Named for his younger brother, Carlos Maximiliano, the Cmax is an emergency shelter that combines advantages of tents with those of trailers. It ships and stores flat like a tent, and two people can set one up in 11 minutes.

The Cmax can be unfolded in a few easy steps. Image: Cmaxsystem.com

The Cmax rests above the ground when it’s open, with a solid floor supported by 10 adjustable aluminum legs. The shelters contain survival kits, collapsible furnishings, and electrical connections. They can sleep as many as ten.

Made of polypropylene, aluminum, and polyester, the shelter can reportedly withstand high wind and heavy rainfall. The system costs about $3,000—more than some tents, but less than a trailer. Separate sanitary facilities are made of plastic and also rest on adjustable legs. They are divided into three segments, which can be fitted with toilets or showers, as needed.

García Mayor says he designed the Cmax to dignify and improve the quality of life of people made homeless by natural disasters and wars.

He has been trying to bring Cmax to market for years. Although he had an opportunity to roll it out in the U.S. in 2007, his dream was to start in his own country. Early last year, the Argentine Foreign Ministry finally asked him to submit his project for review.

Since then, García Mayor unveiled a Cmax prototype at the Humanitarian Aid Forum in Washington and gave a presentation at the United Nations in New York. “The light is now on the verge of turning green on this project,” he said.

Cmax caught the eye of a fellow Argentinian, Pope Francis, who met García Mayor in person at the Vatican in September.
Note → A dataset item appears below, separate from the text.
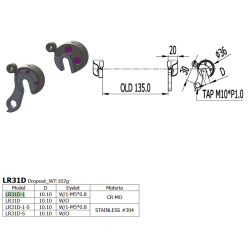 Dropout - LR31D-1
García Mayor later described the meeting for La Nación, a newspaper based in Buenos Aires: “His Holiness told me that the project was blessed by God and that it demonstrated how we can make a better world, by thinking of our fellow men, of those who suffer. I promised I would continue to work toward this goal. We gave each other a brotherly embrace, the kind that signals you will see each other again.”